▶
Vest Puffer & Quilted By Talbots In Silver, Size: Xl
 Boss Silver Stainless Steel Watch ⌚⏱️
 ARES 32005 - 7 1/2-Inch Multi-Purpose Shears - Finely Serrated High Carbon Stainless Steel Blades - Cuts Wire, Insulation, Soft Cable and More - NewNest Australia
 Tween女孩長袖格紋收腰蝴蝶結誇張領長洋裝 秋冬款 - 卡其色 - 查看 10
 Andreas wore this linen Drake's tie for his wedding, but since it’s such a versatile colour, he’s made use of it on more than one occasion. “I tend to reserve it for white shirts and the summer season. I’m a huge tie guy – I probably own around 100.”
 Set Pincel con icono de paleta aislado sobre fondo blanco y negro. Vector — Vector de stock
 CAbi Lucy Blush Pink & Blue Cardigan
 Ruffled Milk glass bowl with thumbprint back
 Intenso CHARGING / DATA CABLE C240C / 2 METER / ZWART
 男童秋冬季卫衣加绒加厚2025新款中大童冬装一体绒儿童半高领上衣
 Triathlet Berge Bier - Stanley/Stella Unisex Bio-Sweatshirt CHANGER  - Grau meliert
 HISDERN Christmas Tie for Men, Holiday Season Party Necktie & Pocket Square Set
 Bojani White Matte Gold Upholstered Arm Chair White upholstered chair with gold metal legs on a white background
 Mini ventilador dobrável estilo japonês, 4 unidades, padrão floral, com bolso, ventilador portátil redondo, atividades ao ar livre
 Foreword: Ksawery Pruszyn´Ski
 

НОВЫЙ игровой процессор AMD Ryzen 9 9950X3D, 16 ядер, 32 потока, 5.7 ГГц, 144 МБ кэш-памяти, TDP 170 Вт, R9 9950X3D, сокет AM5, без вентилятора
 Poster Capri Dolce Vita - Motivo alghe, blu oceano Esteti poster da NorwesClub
◀
=== Exercise aim ===
Output exactly the lines between the one containing "Intenso CHARGING /" and the final line above, both inclusive.

=== Solution to the exercise ===
 Intenso CHARGING / DATA CABLE C240C / 2 METER / ZWART
 男童秋冬季卫衣加绒加厚2025新款中大童冬装一体绒儿童半高领上衣
 Triathlet Berge Bier - Stanley/Stella Unisex Bio-Sweatshirt CHANGER  - Grau meliert
 HISDERN Christmas Tie for Men, Holiday Season Party Necktie & Pocket Square Set
 Bojani White Matte Gold Upholstered Arm Chair White upholstered chair with gold metal legs on a white background
 Mini ventilador dobrável estilo japonês, 4 unidades, padrão floral, com bolso, ventilador portátil redondo, atividades ao ar livre
 Foreword: Ksawery Pruszyn´Ski
 

НОВЫЙ игровой процессор AMD Ryzen 9 9950X3D, 16 ядер, 32 потока, 5.7 ГГц, 144 МБ кэш-памяти, TDP 170 Вт, R9 9950X3D, сокет AM5, без вентилятора
 Poster Capri Dolce Vita - Motivo alghe, blu oceano Esteti poster da NorwesClub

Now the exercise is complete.